Another possible hypothesis, for why my server-box sometimes crashes.

I have written before, that my Linux computer ‘Phoenix’, which acts both as my server and a workstation, sometimes crashes. I have another possible explanation for why.

The graphics chip on this machine is only a , capable of OpenGL 2.1.2 using proprietary (legacy) drivers. It only has 128MB of shared memory with my motherboard.

Under Windows 10, this chipset is no longer supported at all.

I may simply be pushing this old GPU too hard.

My display is a 1600×1200 monitor, and much of the graphics memory is simply being taken up by that fact. Also, I have many forms of desktop compositing switched on. And at the time of the last crash, I had numerous applications open at the same time, which use hardware 2D acceleration as part of their canvas. And I was copying and pasting between them.

I am hoping that this is easing the burden on my equally-dated CPU.

But then the triggering factor may simply be an eventual error in the GPU.

The fact that the Timeout Detection and Recovery (‘TDR’) does not kick in to save the session, may be due to the possibility that the TDR only works, in specific situations, such as OpenGL, 3D rendering windows. If the GPU crash happens as part of the compositing, it may take out the X-server, and therefore my whole system.
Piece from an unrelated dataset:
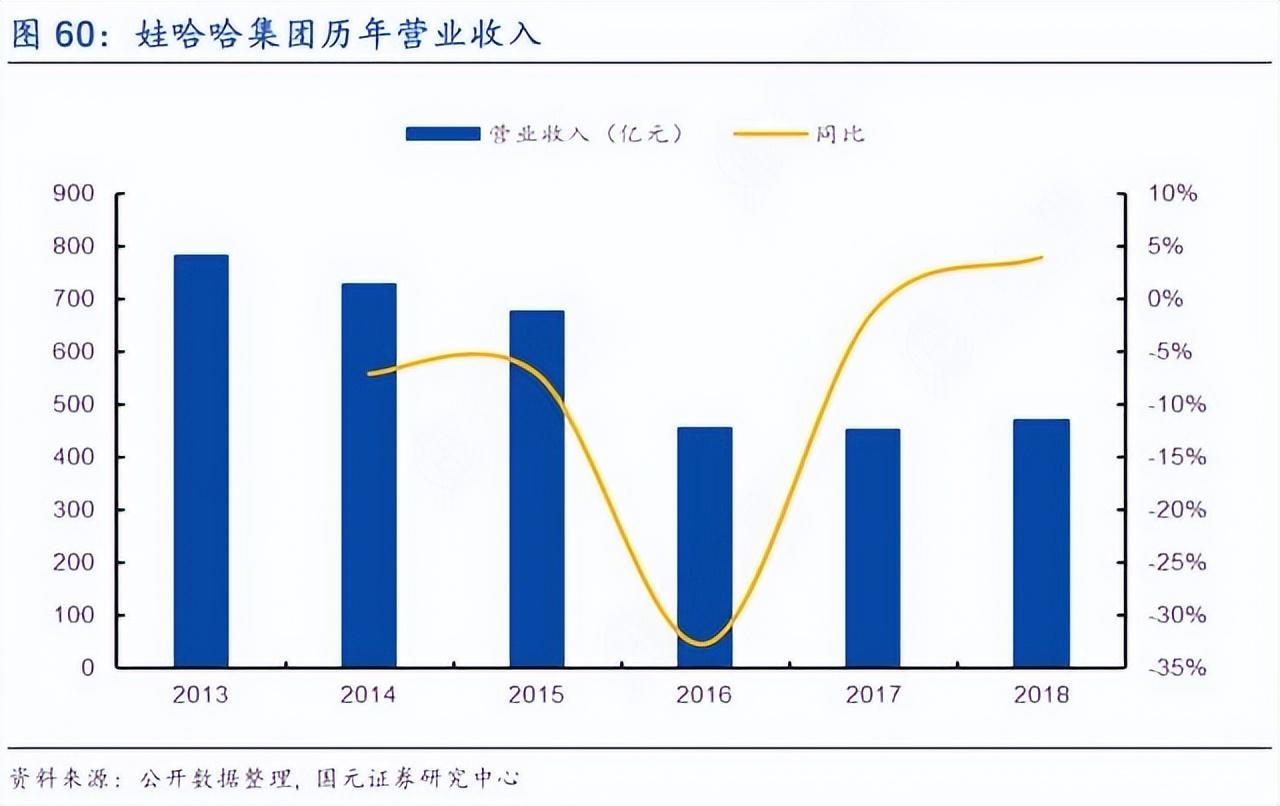 哇哈哈公司（5年业绩直跌300亿的娃哈哈）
The only workaround I may have, is to avoid using this box as a workstation. When I avoid doing that, it has been known to run for 60 days straight, without crashing…

Dirk

(Edit 01/28/2017 : )

I use a widget on my desktops, which is named ‘‘, and I find that it gives me a good intuitive grasp of what is happening on my Linux computers.


 

phoenix_temperatures_1


 

This widget has as a disadvantage, that when extensions have been installed to display temperatures, sometimes we do not know which temperature-sensors stand for which temperature. This is due to the fact that Linux developers have to design their software, without any knowledge of the specific hardware it is going to run on. Inversely, the makers of proprietary drivers know exactly which machine those are going to run on, and can therefore identify what each of them stands for.

This also means, sometimes we have temperature readings in ‘‘, which may just be spurious, and which may just constantly display one meaningless number, in which case we reduce our selection of indicated temperatures to ones we can identify.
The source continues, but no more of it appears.